WHAT IS NEEDED → What's needed is an exact copy of all the data below, without pictures.

DATASET EXCERPT →
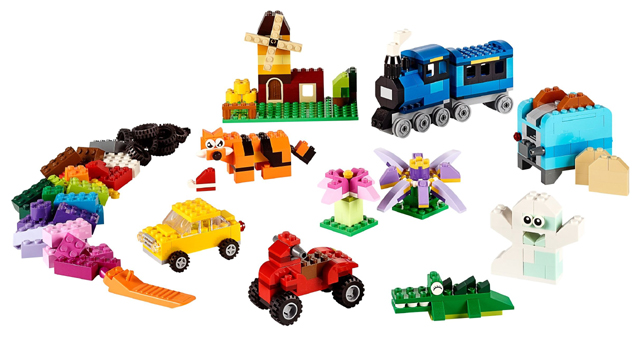 Lego Classic Medium Creative Brick Box - 10696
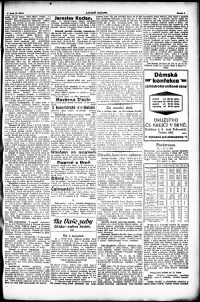 Lidov noviny z 12.1.1921, edice 1, strana 5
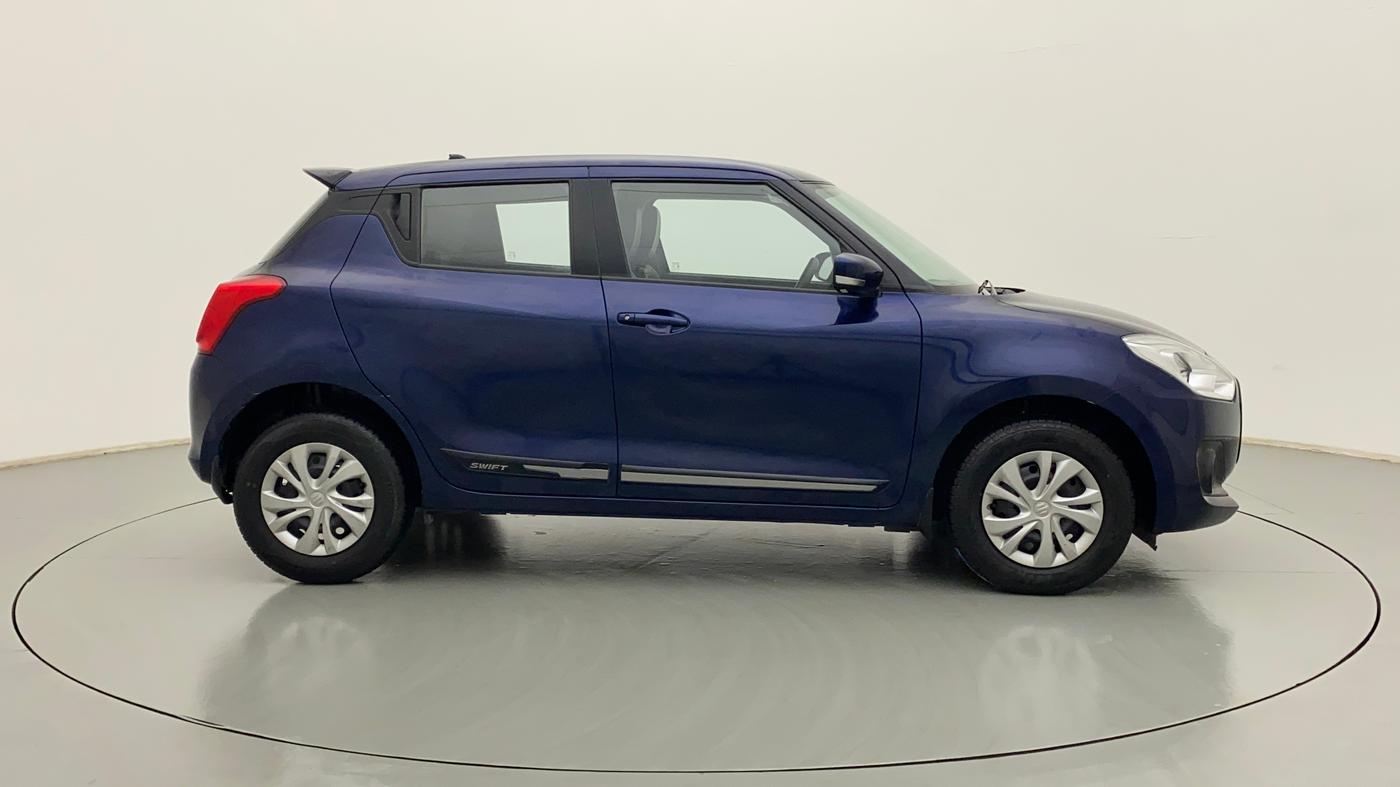 2018 Maruti Swift VXI, Petrol, Manual, 3,337 km, Right Side View
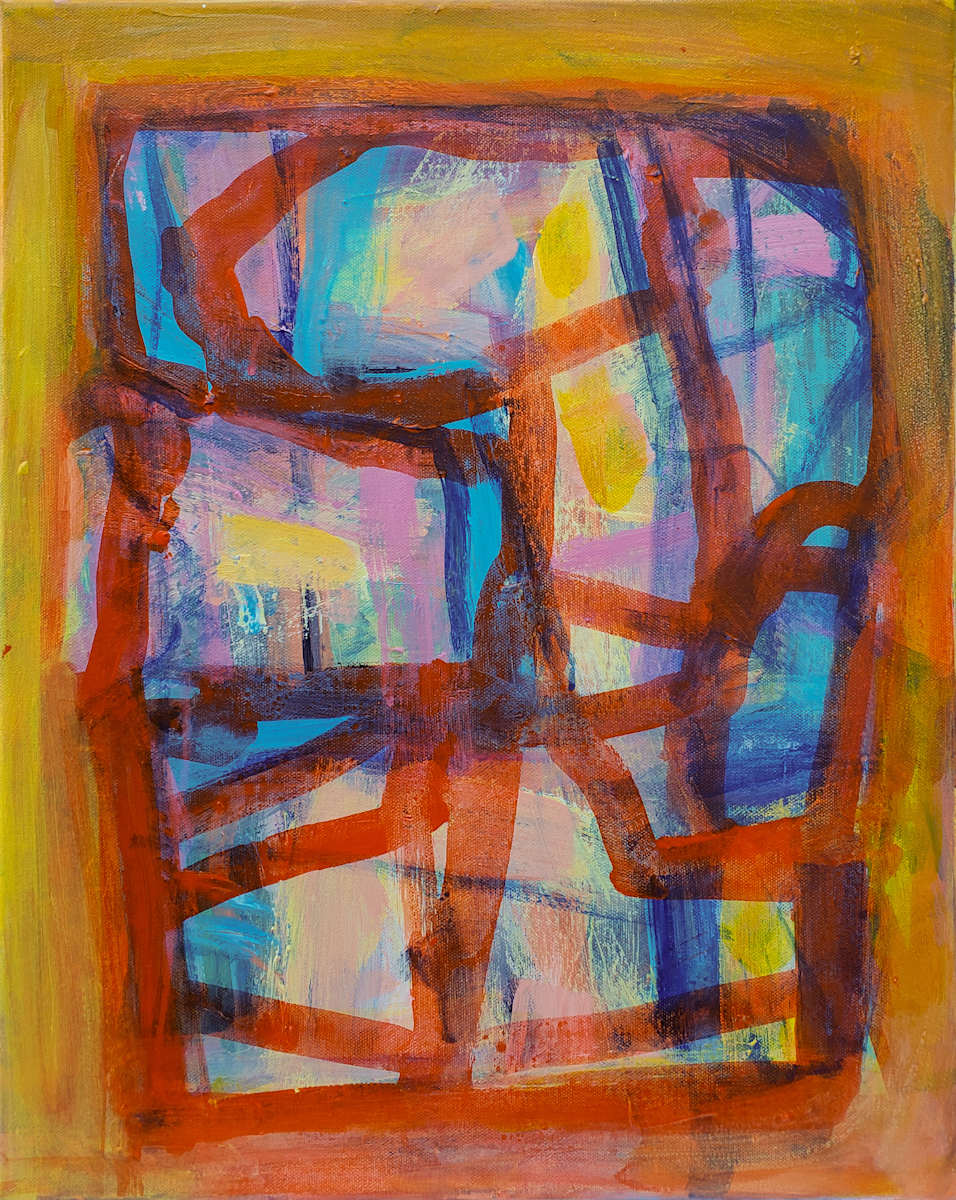 Reaching by Alan Lankin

RESPONSE AREA →
 Lego Classic Medium Creative Brick Box - 10696
 Lidov noviny z 12.1.1921, edice 1, strana 5
 2018 Maruti Swift VXI, Petrol, Manual, 3,337 km, Right Side View
 Reaching by Alan Lankin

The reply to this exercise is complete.